START Available data

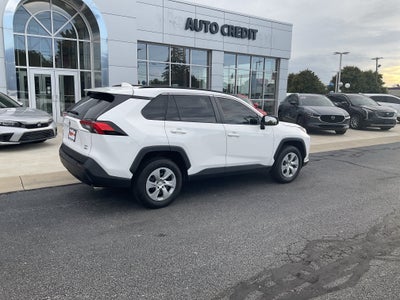 2021 Toyota RAV4 LE
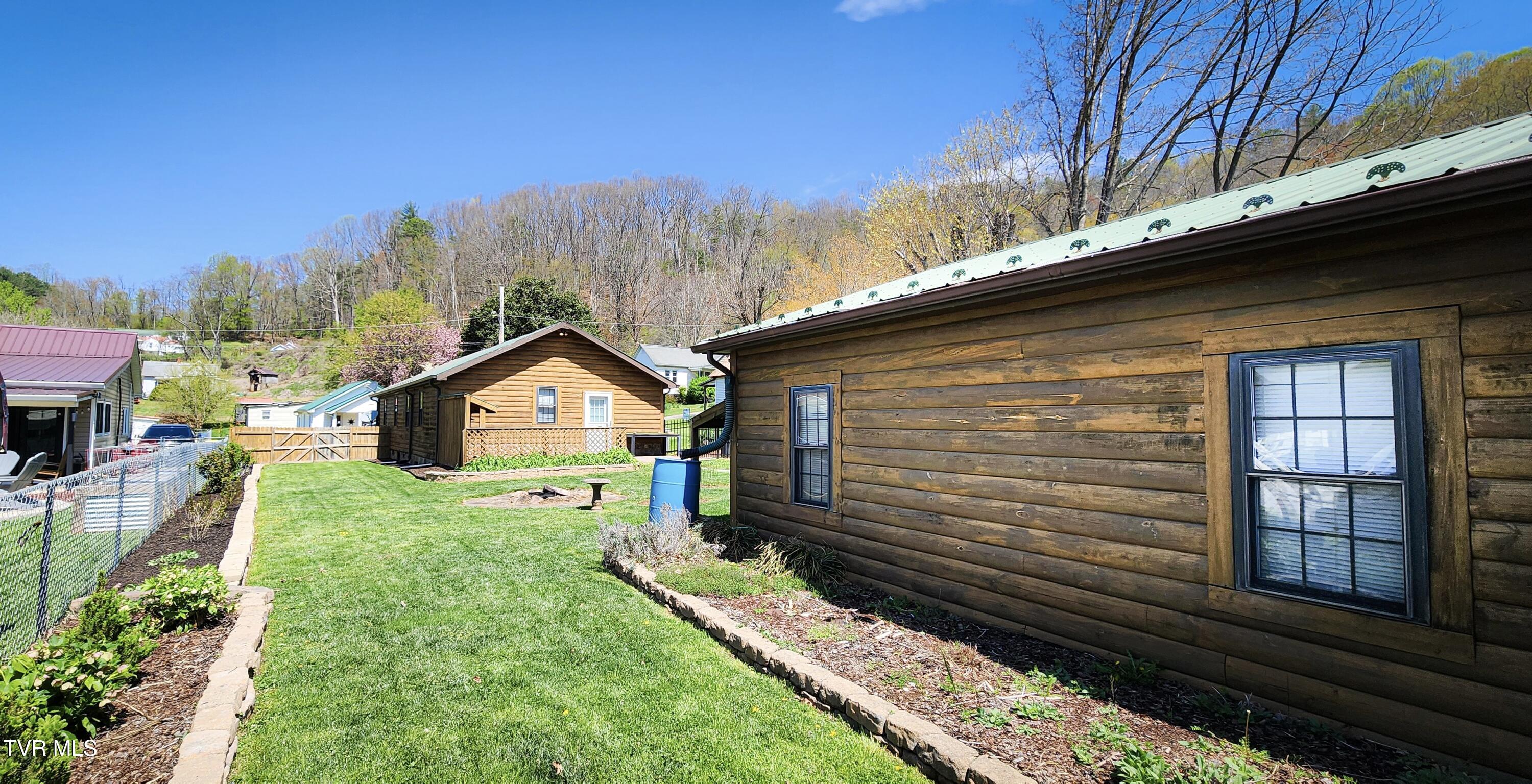 706 2nd Street, Damascus, Virginia image 16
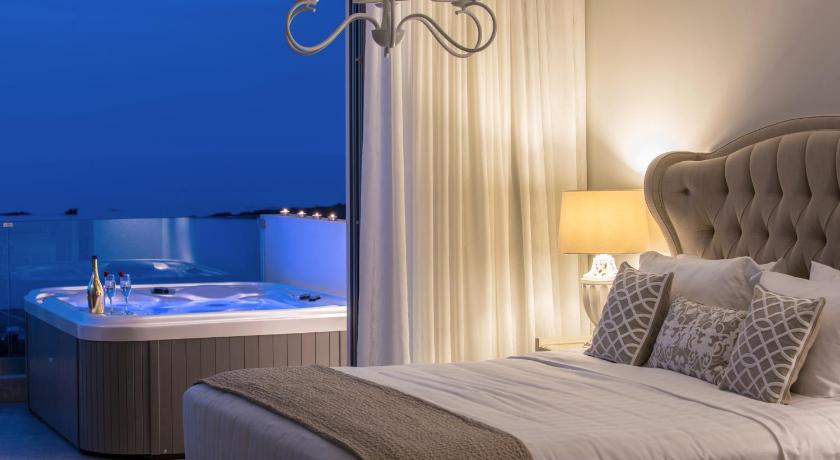 Image of Superior Sandy Suite with Sea View and Hot Tub - Annex 15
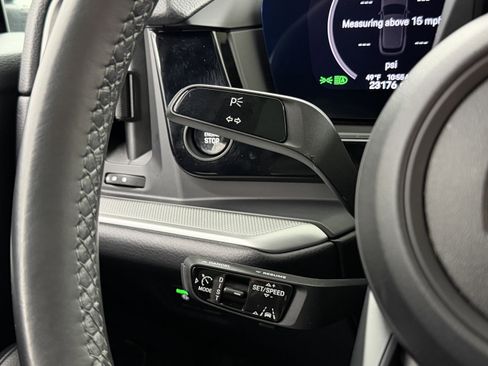 Certified 2024 Porsche Cayenne image 46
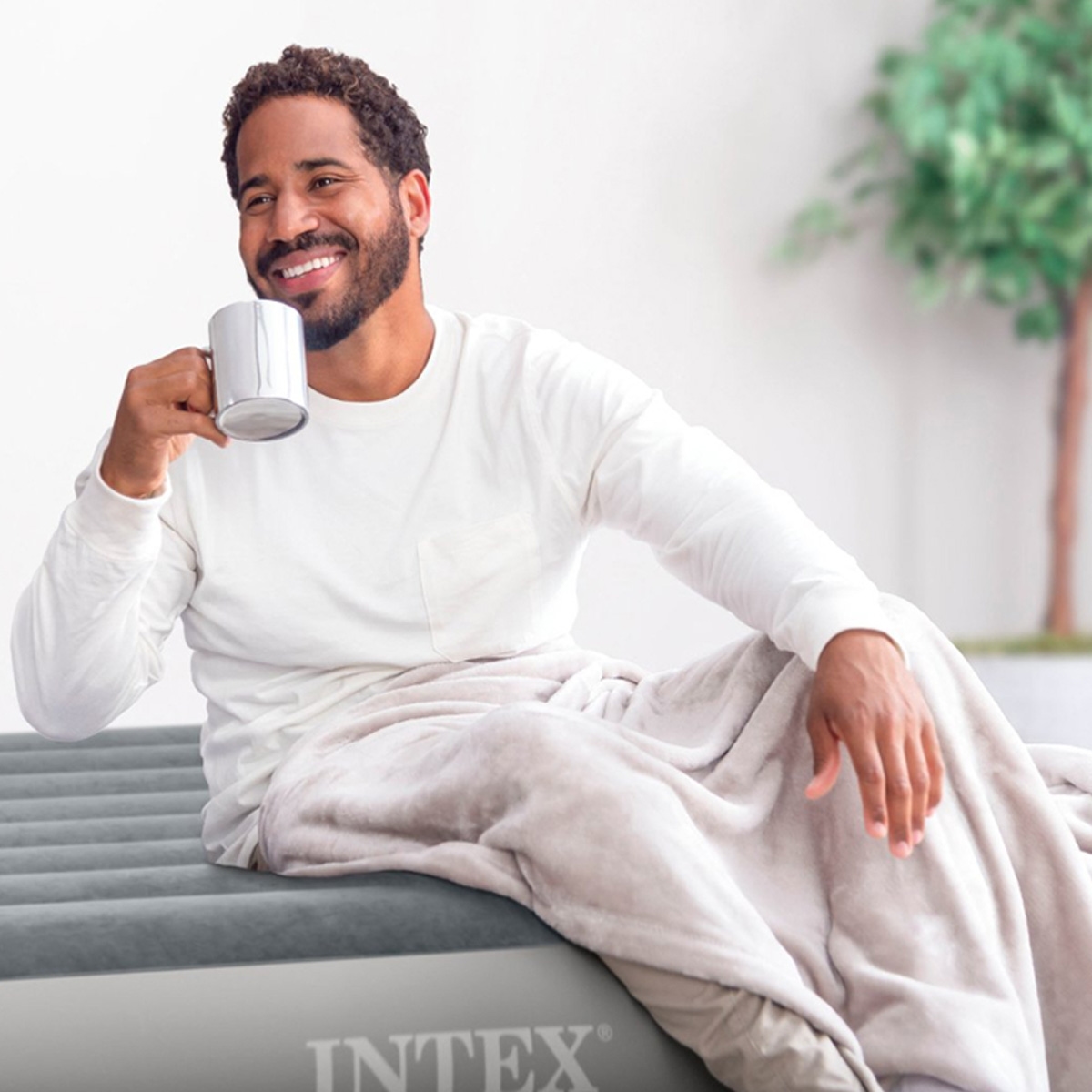 إنتكس مرتبة هوائية كوين دورا بيم بريستيج مع مضخة USB، للجنسين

END Available data

**Exercise aim:** Each line of the data above is to be output exactly; the pictures are not to appear.

**Task output:**
 2021 Toyota RAV4 LE
 706 2nd Street, Damascus, Virginia image 16
 Image of Superior Sandy Suite with Sea View and Hot Tub - Annex 15
 Certified 2024 Porsche Cayenne image 46
 إنتكس مرتبة هوائية كوين دورا بيم بريستيج مع مضخة USB، للجنسين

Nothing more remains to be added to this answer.